What is needed is an exact copy of the listing, with no pictures in it.

(RECORDED DATA begins)

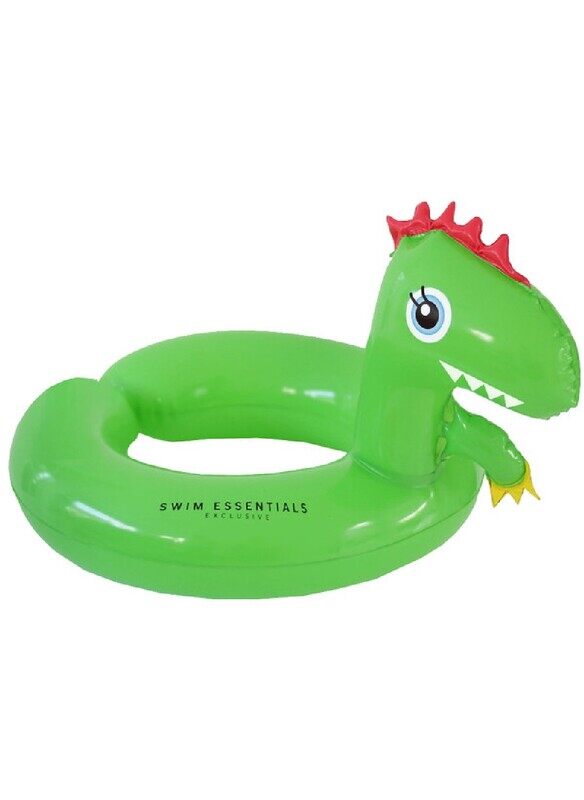 Swim Essentials  Splitring Dinosaur 56 cm diameter, Suitable for Age +3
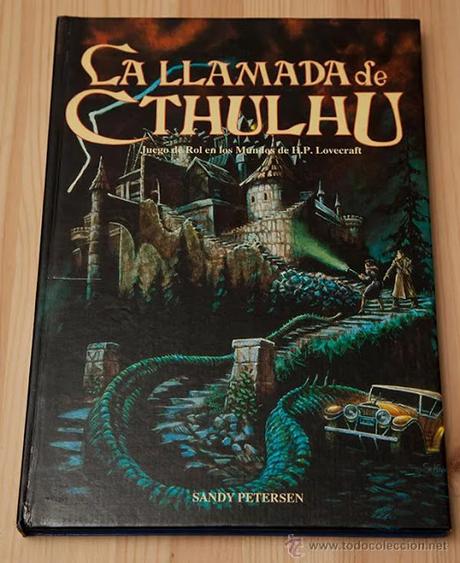 La Llamada de Cthulhu 3ª ed, remasterizada por Víctor Mestre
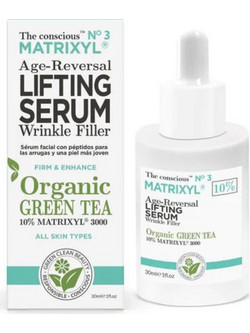 Biovene The Conscious Matrixyl Green Tea Αντιγηραντικό Serum Προσώπου με Πράσινο Τσάι 30ml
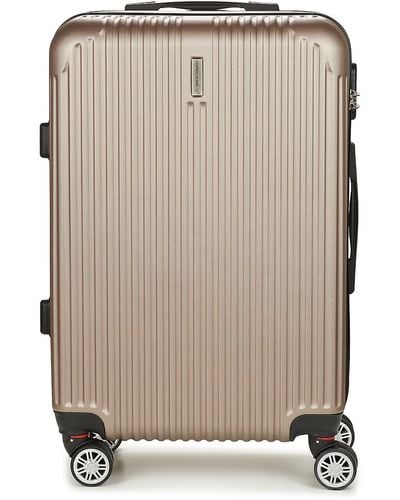 David Jones Hard Suitcase Ba-1059-3 - Natural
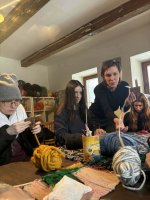 Exkurzia vlnárskej manufaktúry v Senohrade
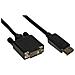 Cavo Displayport-dvi-d (24+1) M-m 2mt - Foto miniatura 1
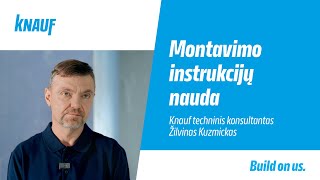 Kodėl reikia vadovautis produkto montavimo instrukcijomis [upl. by Anairam314]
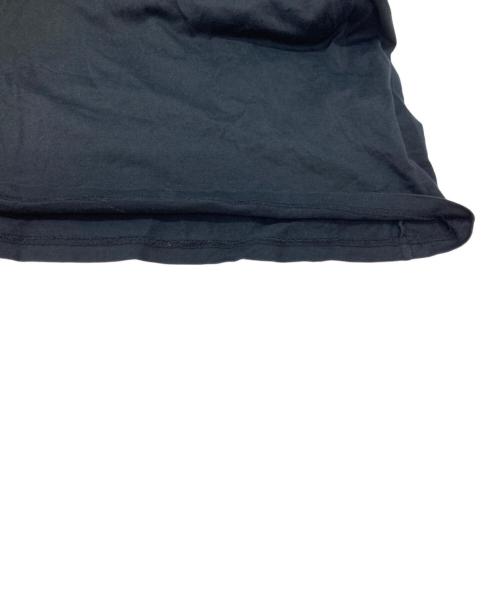 JULIUS NILoS JUDITH（ユリウスニルズ）JULIUS NILoS JUDITH (ユリウスニルズ) プリントビッグTシャツ ブラック サイズ:2の古着・服飾アイテム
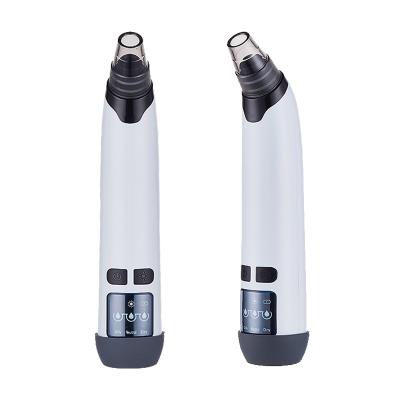 China Hot Head Blackhead Remover Acne Treatment Compress Pore Remover Electric Facial Blackhead Remover Vacuum for sale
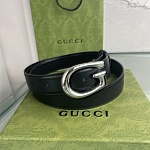 Gucci 3.0cm Width Belts  # 284928, cheap Gucci Belts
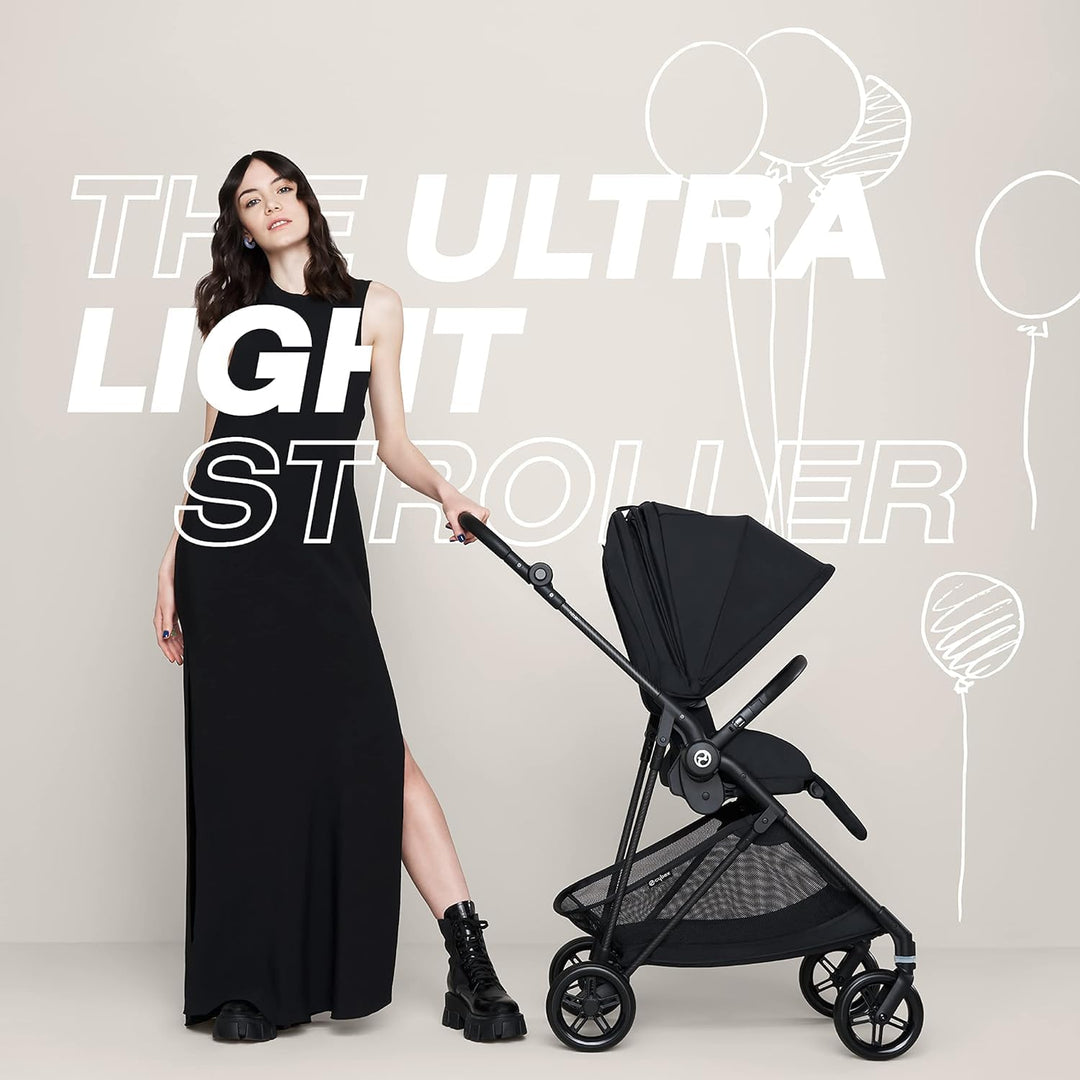 月額7,980円レンタルプラン：cybex メリオ カーボン 2024年 ベビーカー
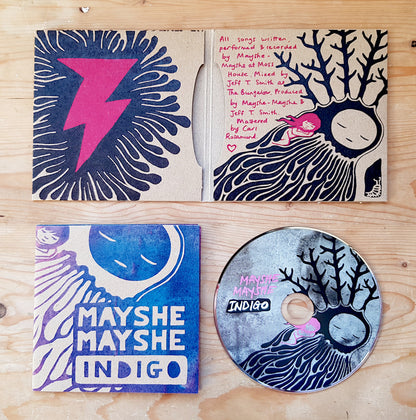 Indigo Album CD (Hand-printed edition)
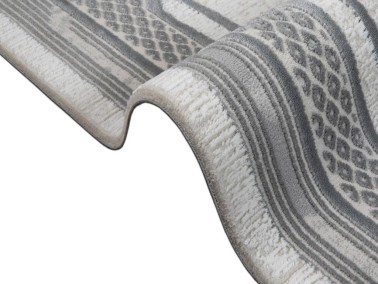 Asel Classic Carpet/Rug Rectangle 160x230 cm Grey - Beige - Thumbnail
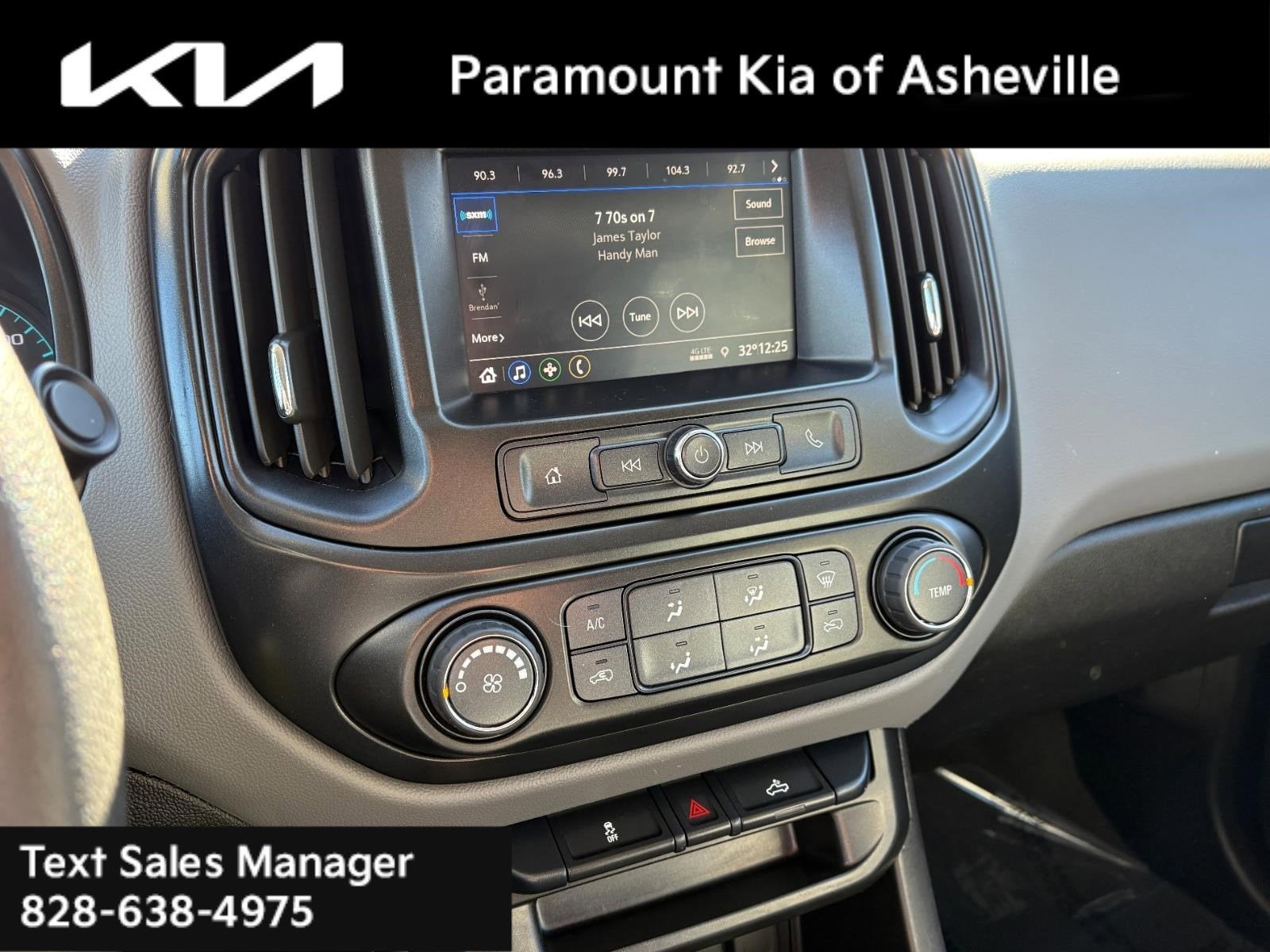 2022 Chevrolet Colorado 2WD Work Truck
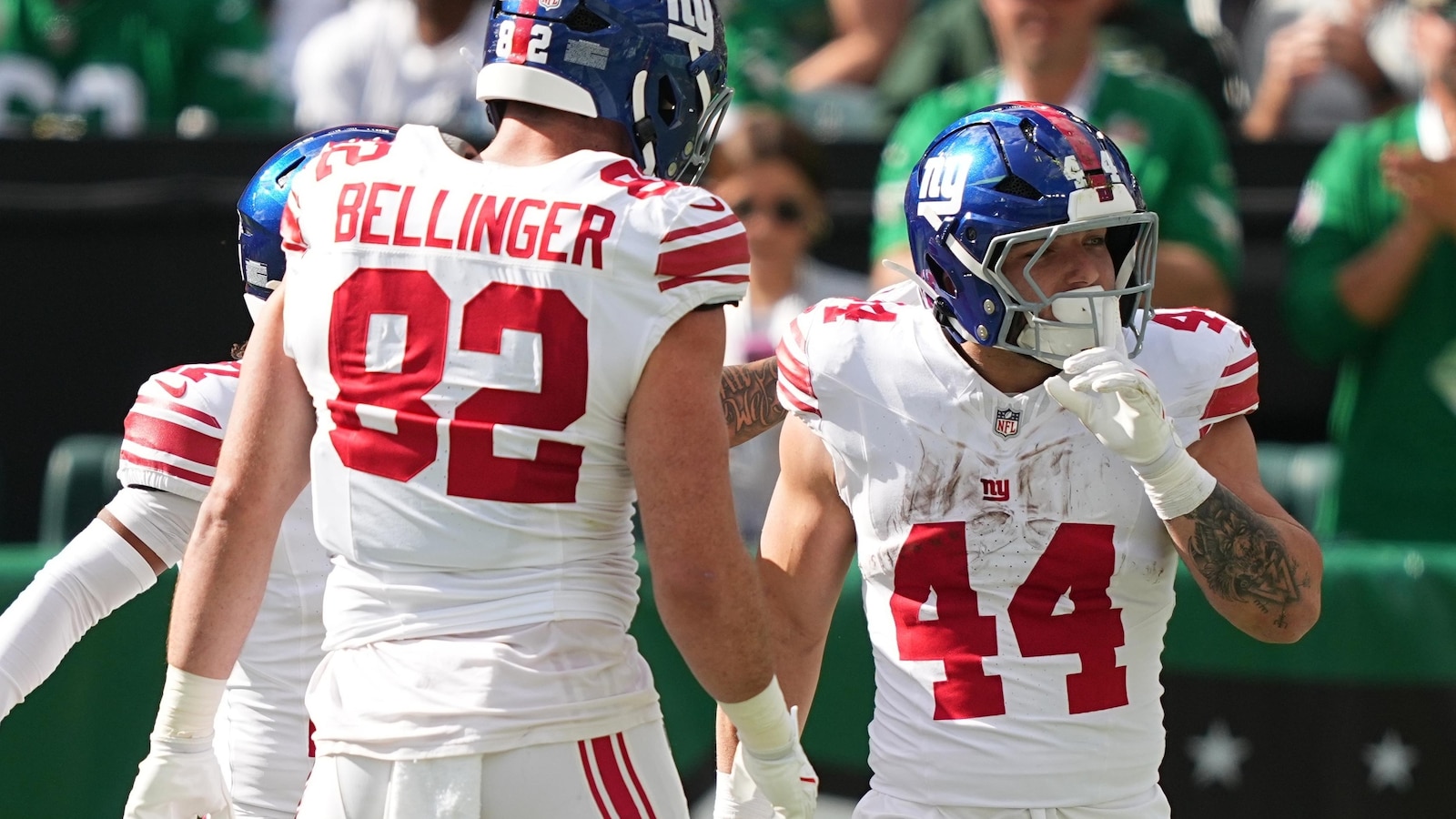 Giants Rookie RB Cam Skattebo Hospitalized With Dislocated Ankle Injury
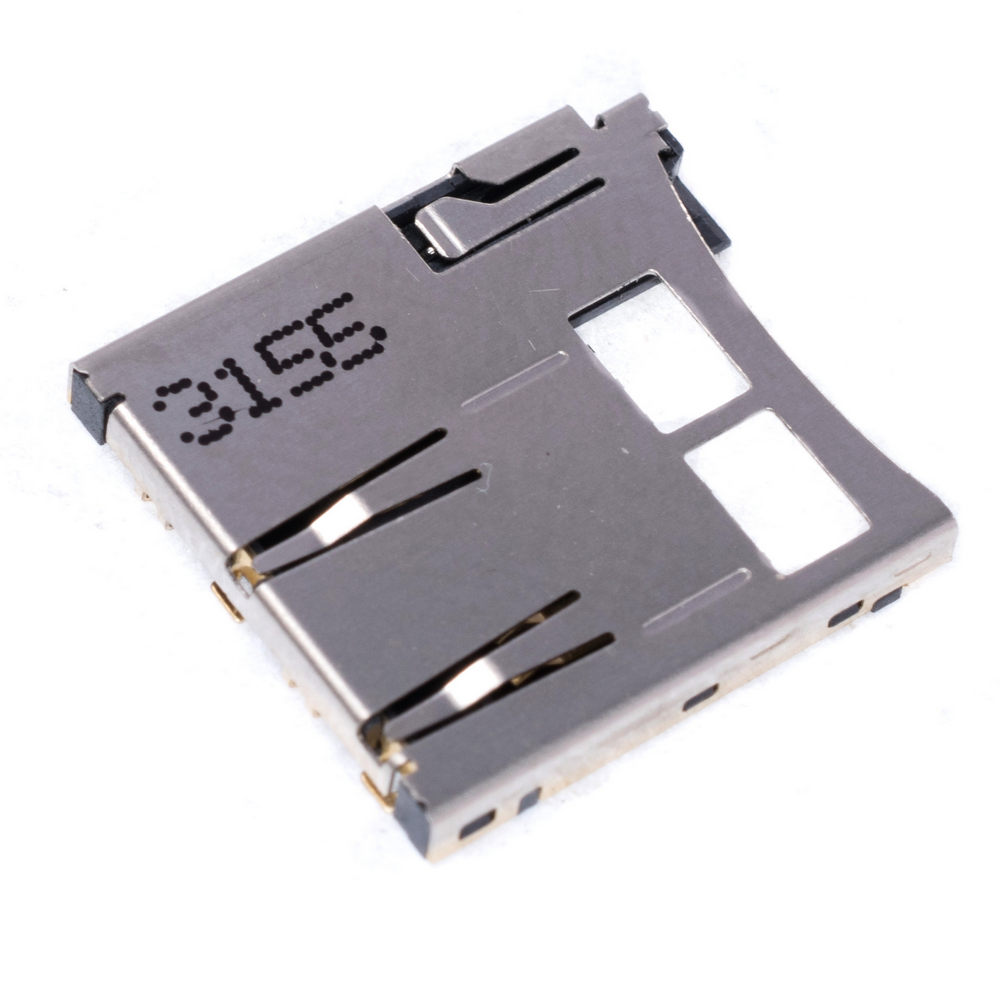 112A-TAAR-R02(Micro SD Socket Push-Push Type)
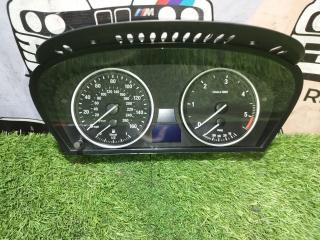 щиток приборов (приборная панель) BMW 5 серия E60/E61 [рестайлинг] E60 2008, 3.0 л., M57 306 D3, дизель, АКПП, carbonschwarz metallic (416), седан, задний привод, правый руль, 6965359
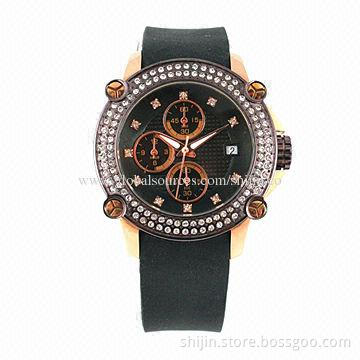 Silicon Jewelry Beautiful Unique Lady' s Watches for Women, 2014 Design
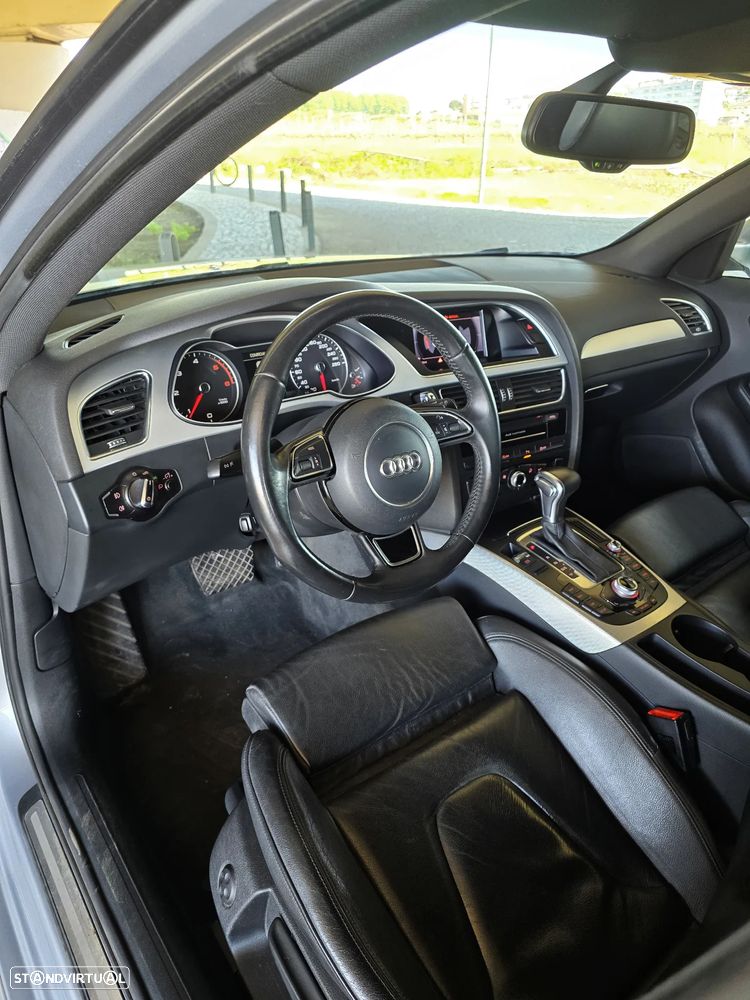 Audi A4 2.0 TDI multitronic S-line - 11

(RECORDED DATA ends)

*SOLVED EXERCISE:*
 Swim Essentials  Splitring Dinosaur 56 cm diameter, Suitable for Age +3
 La Llamada de Cthulhu 3ª ed, remasterizada por Víctor Mestre
 Biovene The Conscious Matrixyl Green Tea Αντιγηραντικό Serum Προσώπου με Πράσινο Τσάι 30ml
 David Jones Hard Suitcase Ba-1059-3 - Natural
 Exkurzia vlnárskej manufaktúry v Senohrade
 Cavo Displayport-dvi-d (24+1) M-m 2mt - Foto miniatura 1
 Kodėl reikia vadovautis produkto montavimo instrukcijomis [upl. by Anairam314]
 JULIUS NILoS JUDITH（ユリウスニルズ）JULIUS NILoS JUDITH (ユリウスニルズ) プリントビッグTシャツ ブラック サイズ:2の古着・服飾アイテム
 China Hot Head Blackhead Remover Acne Treatment Compress Pore Remover Electric Facial Blackhead Remover Vacuum for sale
 Gucci 3.0cm Width Belts  # 284928, cheap Gucci Belts
 月額7,980円レンタルプラン：cybex メリオ カーボン 2024年 ベビーカー
 Indigo Album CD (Hand-printed edition)
 Asel Classic Carpet/Rug Rectangle 160x230 cm Grey - Beige - Thumbnail
 2022 Chevrolet Colorado 2WD Work Truck
 Giants Rookie RB Cam Skattebo Hospitalized With Dislocated Ankle Injury
 112A-TAAR-R02(Micro SD Socket Push-Push Type)
 щиток приборов (приборная панель) BMW 5 серия E60/E61 [рестайлинг] E60 2008, 3.0 л., M57 306 D3, дизель, АКПП, carbonschwarz metallic (416), седан, задний привод, правый руль, 6965359
 Silicon Jewelry Beautiful Unique Lady' s Watches for Women, 2014 Design
 Audi A4 2.0 TDI multitronic S-line - 11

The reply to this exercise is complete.